THE PROBLEM — Lines with "featuring": pull these out of the listing below.

PROVIDED MATERIAL —
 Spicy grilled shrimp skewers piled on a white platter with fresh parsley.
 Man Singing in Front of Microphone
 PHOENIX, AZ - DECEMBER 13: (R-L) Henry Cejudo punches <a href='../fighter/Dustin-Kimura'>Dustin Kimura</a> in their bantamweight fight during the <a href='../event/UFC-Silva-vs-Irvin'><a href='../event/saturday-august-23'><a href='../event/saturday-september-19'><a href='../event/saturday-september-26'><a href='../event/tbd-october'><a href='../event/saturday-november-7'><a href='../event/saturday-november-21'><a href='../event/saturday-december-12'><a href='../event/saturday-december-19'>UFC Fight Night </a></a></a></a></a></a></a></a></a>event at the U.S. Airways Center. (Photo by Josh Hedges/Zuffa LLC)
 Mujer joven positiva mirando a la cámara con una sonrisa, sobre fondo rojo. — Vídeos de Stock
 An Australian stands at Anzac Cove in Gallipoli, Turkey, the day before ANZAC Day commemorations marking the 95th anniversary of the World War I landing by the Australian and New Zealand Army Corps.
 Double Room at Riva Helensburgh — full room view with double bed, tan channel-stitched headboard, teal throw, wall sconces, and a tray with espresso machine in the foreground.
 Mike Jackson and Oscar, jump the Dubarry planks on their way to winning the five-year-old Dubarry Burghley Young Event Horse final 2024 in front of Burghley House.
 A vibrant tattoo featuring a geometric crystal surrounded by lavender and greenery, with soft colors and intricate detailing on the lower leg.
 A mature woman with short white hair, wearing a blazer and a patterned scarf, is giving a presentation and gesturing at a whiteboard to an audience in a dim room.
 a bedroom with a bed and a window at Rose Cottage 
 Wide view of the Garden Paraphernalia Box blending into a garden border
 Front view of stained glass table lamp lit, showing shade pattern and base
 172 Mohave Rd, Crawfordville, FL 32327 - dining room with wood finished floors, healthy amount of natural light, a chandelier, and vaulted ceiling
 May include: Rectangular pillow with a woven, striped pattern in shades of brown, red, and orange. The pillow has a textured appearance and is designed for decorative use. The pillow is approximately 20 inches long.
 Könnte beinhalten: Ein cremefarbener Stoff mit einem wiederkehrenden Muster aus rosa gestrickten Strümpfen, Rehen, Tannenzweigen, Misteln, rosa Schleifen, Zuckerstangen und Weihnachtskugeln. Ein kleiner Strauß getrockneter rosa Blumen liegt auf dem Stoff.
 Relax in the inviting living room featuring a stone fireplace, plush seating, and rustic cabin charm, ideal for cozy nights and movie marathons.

SOLUTION —
 A vibrant tattoo featuring a geometric crystal surrounded by lavender and greenery, with soft colors and intricate detailing on the lower leg.
 Relax in the inviting living room featuring a stone fireplace, plush seating, and rustic cabin charm, ideal for cozy nights and movie marathons.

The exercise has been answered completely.